ACTION ITEM: If you see a picture in the data below, omit it and copy the rest exactly.

SOURCE DATA:
BEGIN

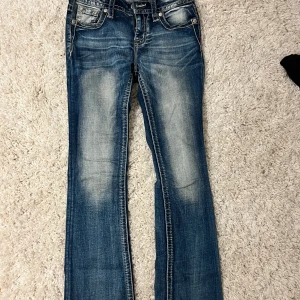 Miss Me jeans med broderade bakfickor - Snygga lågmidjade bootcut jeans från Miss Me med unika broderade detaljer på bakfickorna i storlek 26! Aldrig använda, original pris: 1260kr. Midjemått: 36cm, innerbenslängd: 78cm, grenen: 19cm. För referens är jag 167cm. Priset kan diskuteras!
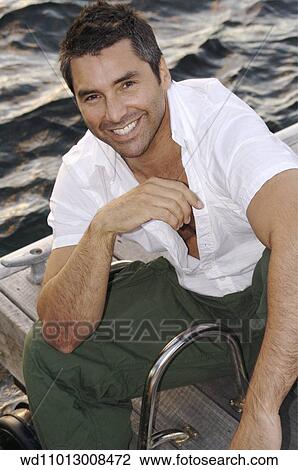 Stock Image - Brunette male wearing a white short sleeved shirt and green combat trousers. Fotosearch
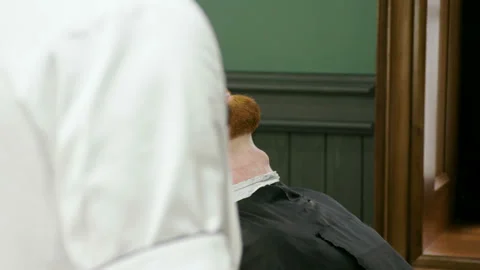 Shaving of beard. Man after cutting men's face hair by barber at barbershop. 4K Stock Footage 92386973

END

FINISHED TASK:
 Miss Me jeans med broderade bakfickor - Snygga lågmidjade bootcut jeans från Miss Me med unika broderade detaljer på bakfickorna i storlek 26! Aldrig använda, original pris: 1260kr. Midjemått: 36cm, innerbenslängd: 78cm, grenen: 19cm. För referens är jag 167cm. Priset kan diskuteras!
 Stock Image - Brunette male wearing a white short sleeved shirt and green combat trousers. Fotosearch
 Shaving of beard. Man after cutting men's face hair by barber at barbershop. 4K Stock Footage 92386973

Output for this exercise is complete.